Após sete anos e meio congelado, embrião gera bebê em Ribeirão Preto

Folhapress
| Tempo de leitura: 2 min

Ribeirão Preto - Após sete anos e meio criopreservado (mantido a temperaturas baixíssimas), um embrião foi descongelado em Ribeirão Preto e, dele, nasceu o pequeno Vinícius. Prestes a completar dois meses de vida, o bebê é o primeiro filho natural da dona de casa Maria Roseli Dorte, 41 anos - que já havia tido quatro abortos espontâneos -, e do mecânico Luís Henrique Dorte, 40 anos, de Mirassol.

O embrião ficou congelado desde setembro de 1999 no Centro de Reprodução Humana (CRH) de Ribeirão Preto, um recorde no País, segundo o ginecologista Ricardo Baruffi, que atua no centro.

De acordo com ele, a marca anterior era de seis anos. “A literatura médica não mostra o tempo que um embrião pode ser mantido congelado e se manter viável, mas agora sabemos que pelo menos com oito anos temos condições de ter uma criança com qualidade”, afirmou.

Para conseguir engravidar, Maria Roseli chegou a ingerir três comprimidos de Viagra por três dias seguidos, como parte do tratamento. O medicamento provoca vasodilatação, o que proporciona maior irrigação uterina, fazendo com que o endométrio atinja a espessura ideal para que o embrião possa ser implantado.
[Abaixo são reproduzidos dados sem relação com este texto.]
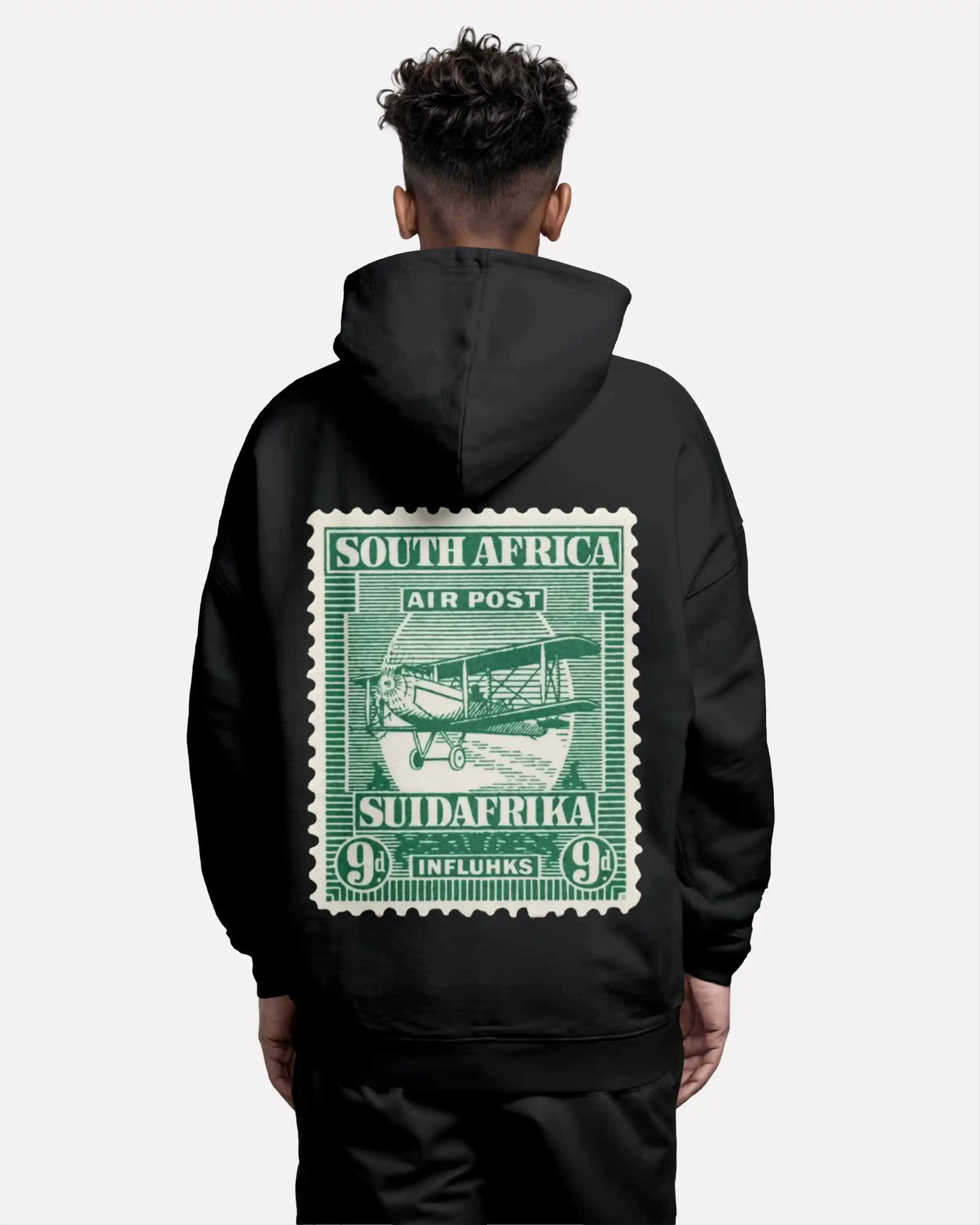 Air Post Heritage Hoodie 4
Segundo o CRH, a causa da infertilidade dela era o fato de o seu endométrio ser muito fino, além da má qualidade dos espermatozóides do marido.

Vinícius nasceu aos seis meses de gestação, com 1,2 quilo e 36 centímetros, em 13 de agosto, em São José do Rio Preto. Ele está internado para ter ganho de peso e deve ter alta nos próximos dias. A mãe de Vinícius enfrentou problemas no pós-parto e passou 15 dias internada, mas disse não se arrepender do tratamento, que teve início em 1997.

Dos cinco embriões criopreservados, três sobreviveram ao descongelamento. Após a quarta tentativa sem sucesso de engravidar, o casal resolveu adotar Paulo, hoje com 8 anos. “Já estava nos nossos planos adotar. Não troquei um filho natural por um adotivo.”

Com embriões descongelados, a chance de a mulher engravidar é de 25% a 30%, índice que sobe para 40% com embriões frescos, segundo o CRH.